人生の終わりを見据えた「終活」の話になると、まず考えることの一つに葬送の方法、つまり「お墓をどうするか」「どこに納骨してもらうか」があるのではないでしょうか。

これまで私たちの国では、亡くなった方を火葬したご遺骨は、墓地に埋葬・納骨されるのが一般的でした。最近はこれに加え、新たな葬送の方法として「散骨(さんこつ)」、とりわけ「海洋散骨」がにわかに注目を集めています。

一昨年亡くなられた、作家で元東京都知事の石原慎太郎氏が海洋散骨で自然に還られたことが、海洋散骨の認知度を上げるきっかけになったとも聞きます。

先祖代々続いているお墓があり、引き継ぐ役割を引き受ける方がいれば、これまで通りの葬送法を問題なく続けることができるのかもしれません。

しかし「そもそもお墓がない」、あるいは「お墓を買う経済的余裕がない」、「先祖代々のお墓はあっても引き継ぎたくないから墓じまいをしたい」、「子どもに負担をかけたくない」、「思い入れのある場所で自然に還りたい」という方も少なからずいるでしょう。

そのような方が選択するのが、お墓がいらない「散骨」という方法です。今回は、この散骨について、知っておきたいことをまとめてみたいと思います。

厚生労働省によれば、このところの生涯婚姻率や出生率の低下が影響して、お墓を解体、撤去して別の方法で供養する「墓じまい」がこの10年で1.5倍に増え、全国で年間11万8000件を超えているそうです。

シーセレモニーの
ファミリー海洋散骨の体験談

散骨する場所は、故人の遺言により指定されるケースが多く、人によってさまざまですが、にわかに注目を集めているのが、ボートや船の上から海に散骨する「海洋散骨」です。

実は、このブログで散骨について書いてみようと思い立ったのは、この海洋散骨を経験した友人が、お父様を亡くされて間もないとは思えない、あまりにすがすがしく晴れ晴れとした表情で体験談を聞かせてくれたからです。

海が好きだったお父様は、生前、家族との人生会議の場で、「俺が死んだら墓になんて入れるなよ。

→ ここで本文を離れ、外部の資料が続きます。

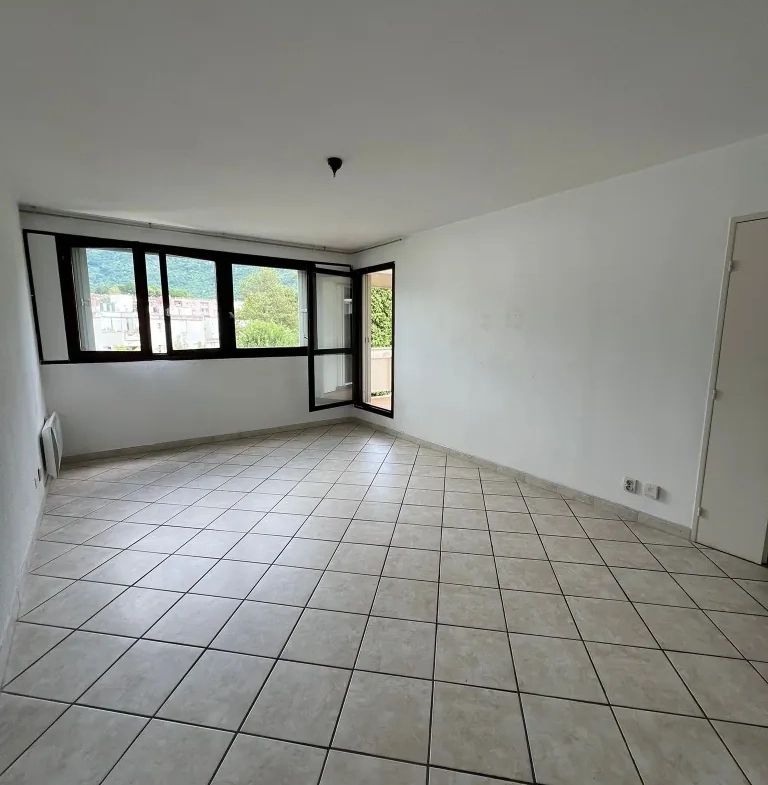 Appartement T2 lumineux avec terrasse et vue sur Chamrousse à Vizille (38) 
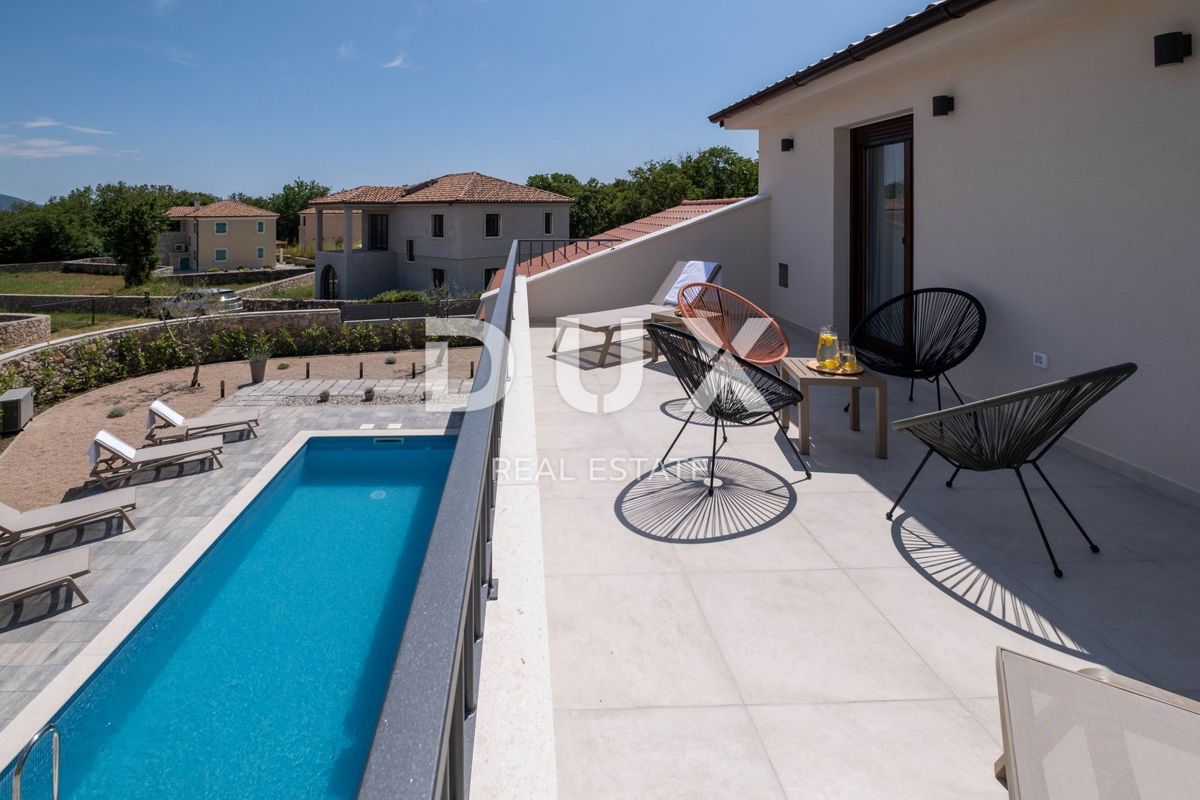 ISOLA DI KRK, dintorni della città di Krk - Villa di lusso in un nuovo edificio in una posizione tranquilla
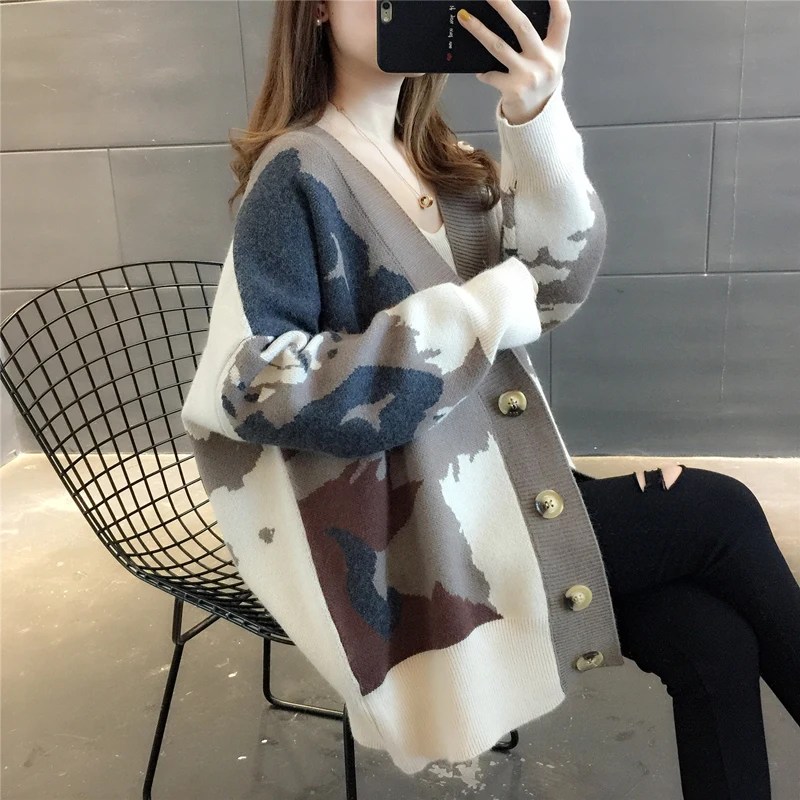 Wool sweater women's cardigan 2020 autumn new women's Korean spring and autumn coat lazy wind sweater loose look
Wool sweater women's cardigan 2020 autumn new women's Korean spring and autumn coat lazy wind sweater loose look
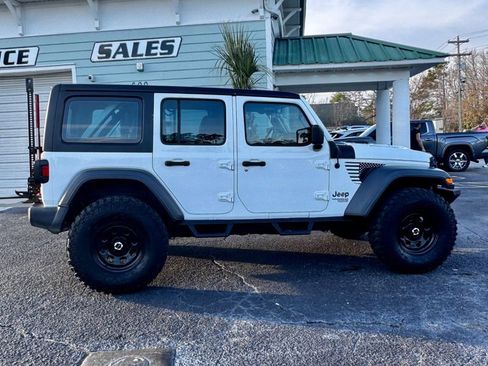 Used 2020 Jeep Wrangler Unlimited Sport image 8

夏になると家族みんなで行っていたあの青く広大な湘南の海に撒いて自然に還してくれ」と話していたそうです。

その意思を汲んで葬送の方法として選んだのが、専用の小型クルーザーを貸し切り、家族だけで散骨できるシーセレモニーの海洋記念葬だったそうです。

散骨を実現するには守るべきルールや手続きがあります。しかし、身内を亡くした後だけに何かと慌ただしく、他人の手を借りられることはお願いしたいものです。その点、具体的なことはコンシェルジェに一切を託すことができるのも、海洋記念葬シーセレモニーの魅力だと聞いています。

「おひとりさま」にうれしい「代理散骨プラン」も

また、実は私の周りには「おひとりさま」の女性も男性も多いのですが、この社の海洋散骨に用意されている「代理散骨プラン」に関心を寄せ、生前予約を検討している方が少なくないこともお伝えしておきたいと思います。詳しくはこちらをご覧ください。

散骨は違法ではないが
守るべきルールがある

散骨については、厚生労働省が2022年3月31日、散骨事業者向けにまとめた「散骨に関するガイドライン」を公表しています。そこでは散骨を次のように定義しています。

「墓埋法(正しくは「墓地、埋葬等に関する法律」)に基づき適法に火葬された後、その焼骨を粉状に砕き、墓埋法が想定する埋蔵または収蔵以外の方法で、陸地または水面に散布し、または投下する行為」

行政文書にありがちな難解さが気になりますが、要は、散骨とは、火葬後に砕いて粉状にした遺骨(焼骨)の一部、あるいはすべてを海や山に撒く葬送法のことです。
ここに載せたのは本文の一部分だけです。